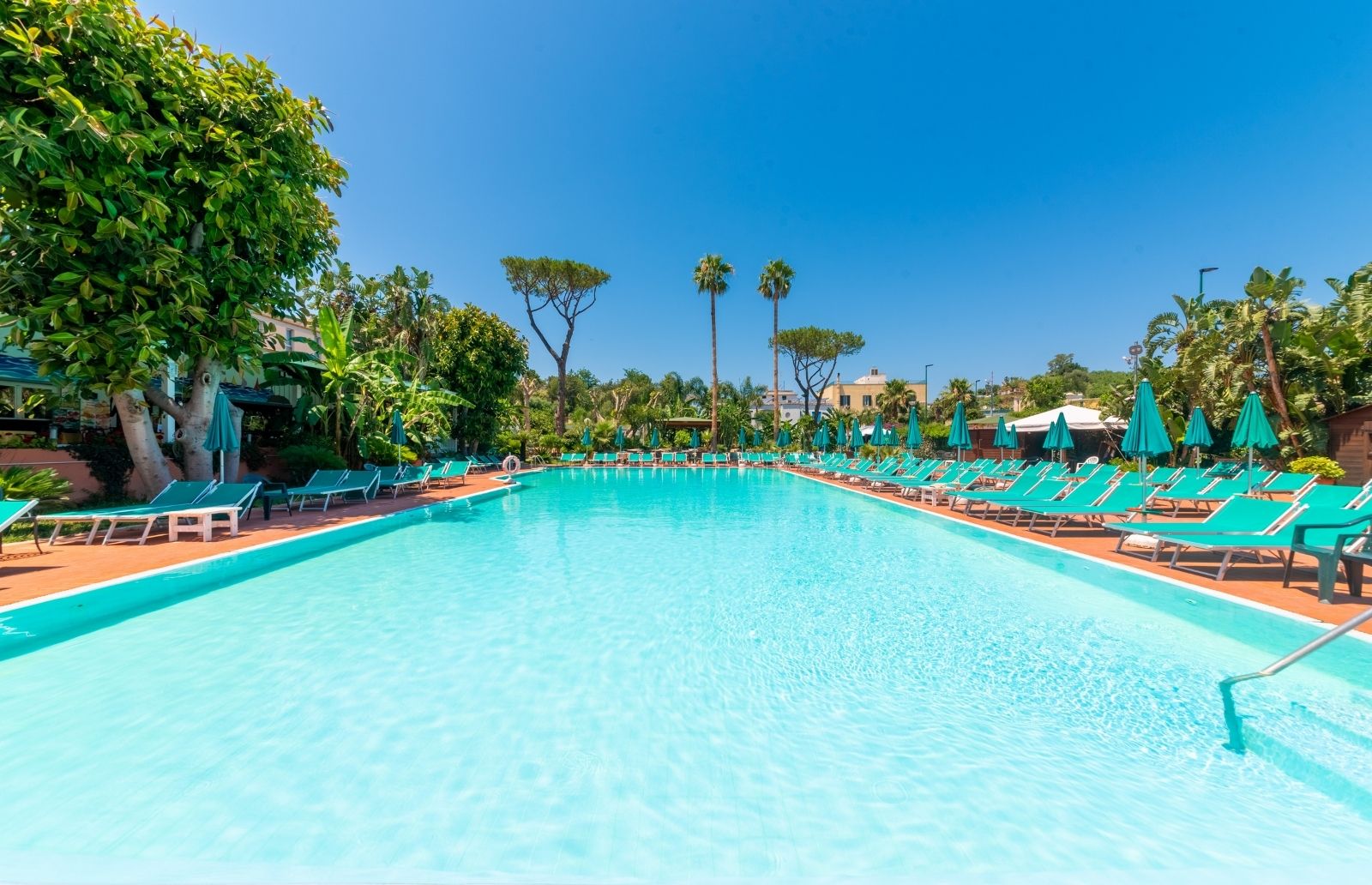 Prima di Ferragosto Ischia Porto in Centro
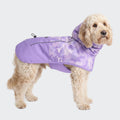 Spark Paws Dog Raincoat, Waterproof Windproof Rain Jacket, for Small Medium Large Extra Large Dogs, Reflective Breathable Full-Body Coverage Dry Suit - Neon White Navy Blue, 2XL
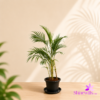Cane Palm (Areca Palm) - Medium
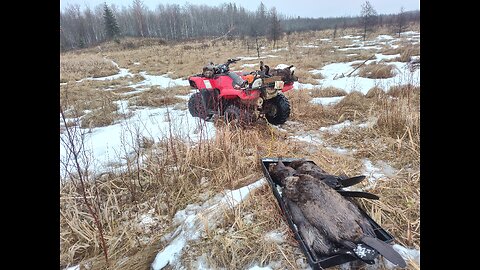 April 5, 2025 - Pulling the North Trapline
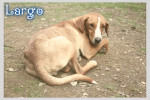 largo 7 20160819 1614116613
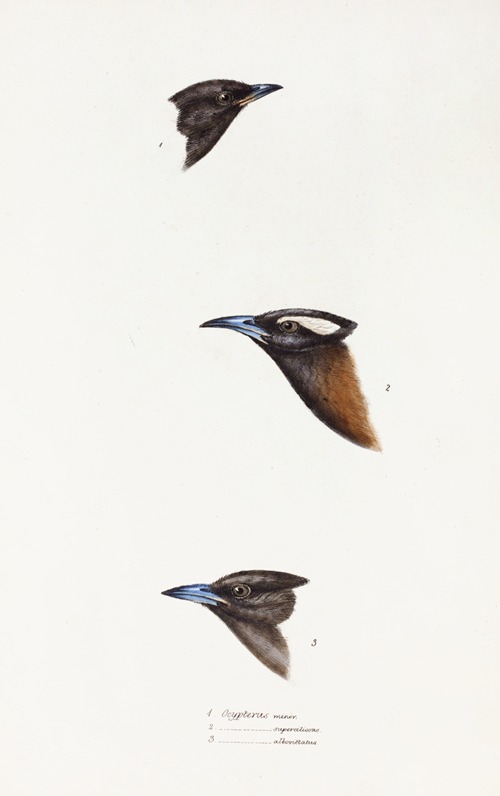 A synopsis of the birds of Australia, and the adjacent Islands Pl.01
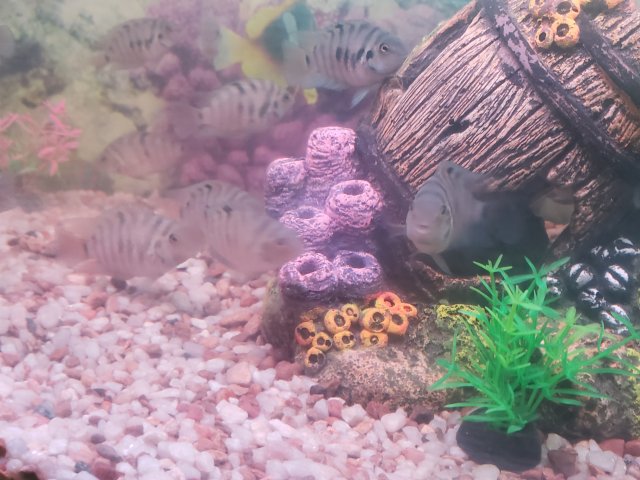 20240308_102908.jpg 20240308_102908.jpg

-----

• **REQUIREMENT**:
All lines from the line with "Cane Palm (Areca Palm) - Medium" through the final line of the data, both included, are to be repeated exactly; no other lines and no pictures.

• **ANSWER TO THE PROBLEM**:
Cane Palm (Areca Palm) - Medium
 April 5, 2025 - Pulling the North Trapline
 largo 7 20160819 1614116613
 A synopsis of the birds of Australia, and the adjacent Islands Pl.01
 20240308_102908.jpg 20240308_102908.jpg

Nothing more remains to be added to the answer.